→ What you are asked to do
Wherever a line in the data holds the word "YAMAHA", pull that line out.

Records from a data collection
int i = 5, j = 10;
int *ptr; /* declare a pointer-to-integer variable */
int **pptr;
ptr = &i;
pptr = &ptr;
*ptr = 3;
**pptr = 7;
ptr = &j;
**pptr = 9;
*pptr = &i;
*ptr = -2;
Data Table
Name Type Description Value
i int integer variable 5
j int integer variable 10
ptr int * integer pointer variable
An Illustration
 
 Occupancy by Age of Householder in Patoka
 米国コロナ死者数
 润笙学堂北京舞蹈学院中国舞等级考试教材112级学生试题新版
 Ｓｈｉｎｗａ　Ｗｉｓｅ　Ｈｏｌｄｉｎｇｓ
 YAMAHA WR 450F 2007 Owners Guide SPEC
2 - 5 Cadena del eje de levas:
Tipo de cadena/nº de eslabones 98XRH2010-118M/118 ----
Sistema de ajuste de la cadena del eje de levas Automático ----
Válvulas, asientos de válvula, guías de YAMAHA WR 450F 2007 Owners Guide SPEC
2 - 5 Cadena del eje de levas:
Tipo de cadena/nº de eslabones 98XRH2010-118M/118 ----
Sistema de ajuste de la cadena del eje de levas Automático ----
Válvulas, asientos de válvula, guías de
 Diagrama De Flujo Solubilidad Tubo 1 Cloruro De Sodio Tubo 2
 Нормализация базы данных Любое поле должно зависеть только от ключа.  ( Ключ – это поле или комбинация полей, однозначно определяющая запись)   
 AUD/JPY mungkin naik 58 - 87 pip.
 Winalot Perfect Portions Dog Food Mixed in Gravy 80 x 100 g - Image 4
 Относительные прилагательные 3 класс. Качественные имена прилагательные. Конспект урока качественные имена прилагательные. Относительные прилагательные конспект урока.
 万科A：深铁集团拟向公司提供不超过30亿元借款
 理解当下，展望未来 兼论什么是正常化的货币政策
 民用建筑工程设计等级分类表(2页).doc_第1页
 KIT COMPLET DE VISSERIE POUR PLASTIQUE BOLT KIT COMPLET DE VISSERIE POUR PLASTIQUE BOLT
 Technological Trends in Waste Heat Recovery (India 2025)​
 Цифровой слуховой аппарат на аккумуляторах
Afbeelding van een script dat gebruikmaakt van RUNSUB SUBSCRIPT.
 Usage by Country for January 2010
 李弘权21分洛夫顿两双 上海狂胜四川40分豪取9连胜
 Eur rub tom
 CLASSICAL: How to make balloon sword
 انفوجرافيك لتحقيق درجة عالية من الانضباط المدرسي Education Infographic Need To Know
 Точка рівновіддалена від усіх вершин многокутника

→ Expected output
 YAMAHA WR 450F 2007 Owners Guide SPEC
Válvulas, asientos de válvula, guías de YAMAHA WR 450F 2007 Owners Guide SPEC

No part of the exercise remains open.